I have been busy with all sorts of things recently, not just The Project or even the garden, and missed my usual Wordless Wednesday post without even being aware it was Wednesday. Like me, the garden has also been busy, encouraged by milder temperatures (like me) and moist days (not quite so much like me). The ‘special snowdrops’ are virtually over but the natives have life in them yet although are crying out for some subdivision which they would usually have had by now; other gardeners may wait till after flowering but I tend to do it bit-by-bit over their season so that’s not a problem.

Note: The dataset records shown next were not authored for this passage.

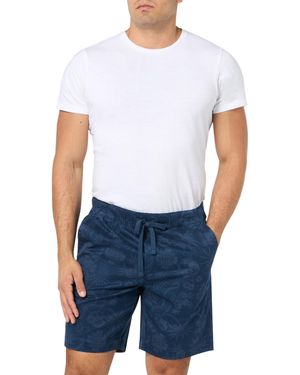 Pendleton Cruiser Short - Blue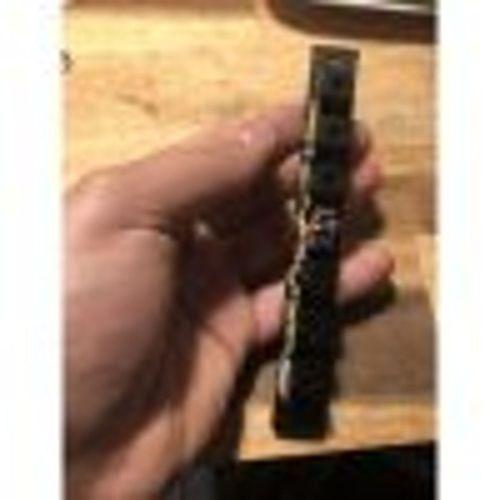 - Pasif Çoğaltıcı Modül (Bu ürün Sadece Plastik parçadır - Almadan Önce Soru Sorabilirsiniz)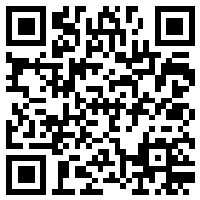 QR Code for bitcoin:bitcoin:dash:XqfqZQkGqQFSmbd5Yee2pYYRYQt5RhirDL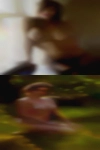 Naked girls with older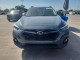 Subaru CROSSTREK 2024 — Copart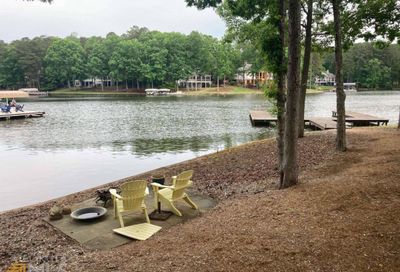1400 Jackson Ridge Greensboro GA 30642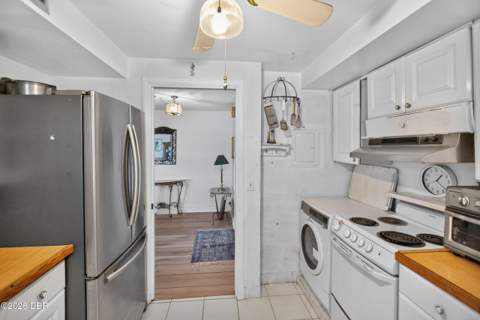 404 S Beach Street #1001, Daytona Beach FL - photo 10 of 37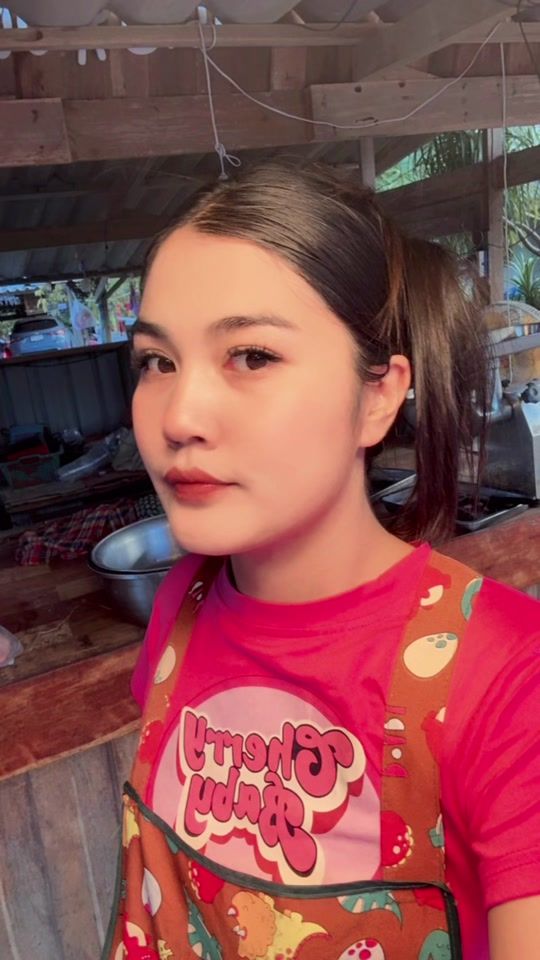 TikTok video thumbnail by napawan.2545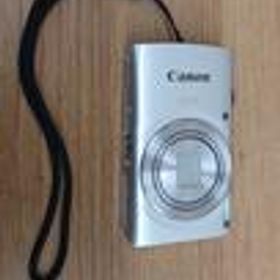 デジタルカメラ IXY 180 CANON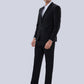 Raymond Black Suit
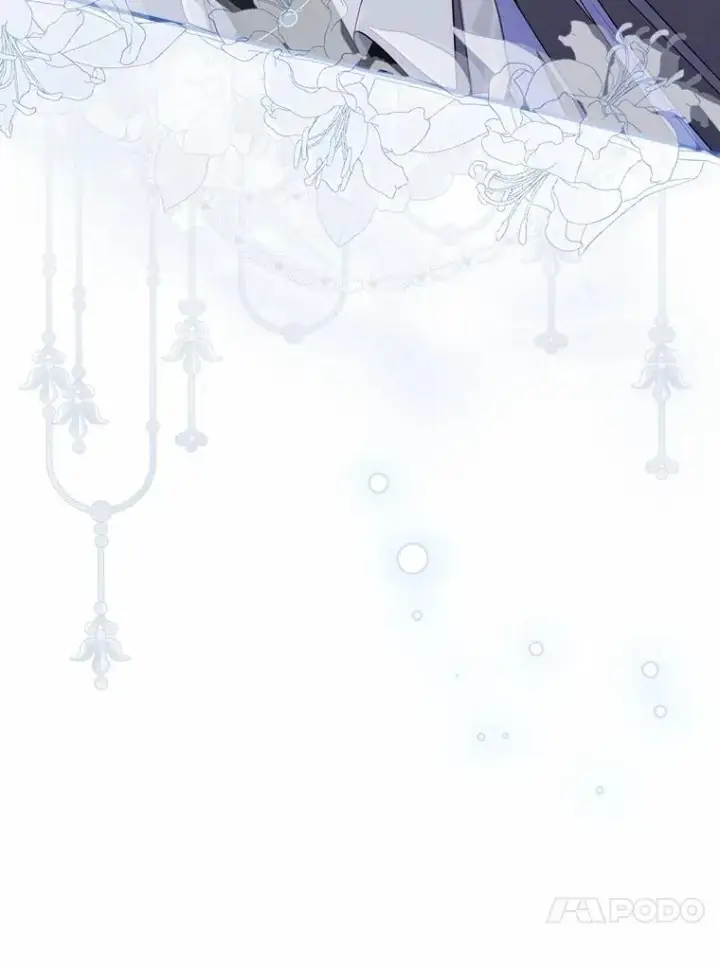 漫画《占卜的公女》74.治愈魔法第30张图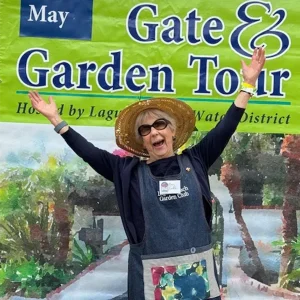laguna-beach-garden-club-educate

Daffodils and narcissi, however, are just coming into their season and buds on my Tête-à-Tête are just beginning to burst open; the ones above are in the streamside grass where they could do with a boost to their numbers. Most of the Crocus tommasinianus in the grass here have finished, but a handful of Crocus ‘Ladykiller’ (below left) were enjoying today’s warmth and sunshine. Only a handful of Crocus ‘Snowbunting’ (below right) have survived from the original planting in the hedge border but I might risk adding some to my next bulb list and trying again.
Primroses and primulas of various types are in full bloom, with the native primroses in the woodland being the stars; others suffer from weather and bird damage and to look at their best I have come to realise they would need to be kept inside in a pot where they should remain pristine, as Chloris has shown us in the recent post of her new greenhouse and its glorious contents.
There are a few other little jewels dotted about the garden, the odd Cyclamen coum, a hint of colour on the Daphne mezereum ‘Rubra‘plus the first blooms on some tatty pulmonaria (these have not looked brilliant for a year or two – why? must check it out), but the stars are the hellebores, which each year we think are later than usual but they never are – they flower in their own good time, which is usually about now. Whenever they flower, they are all such beauties, whether frilly or scalloped, freckled or plain; feast your eyes and then pop over to Chloris’ blog at The Blooming Garden to see her floriferous greenhouse and in due course her own choice of March blooms, which may or not be in the aforementioned greenhouse. She kindly allows us to link our monthly bloom posts to her own, so thanks for that, Chloris.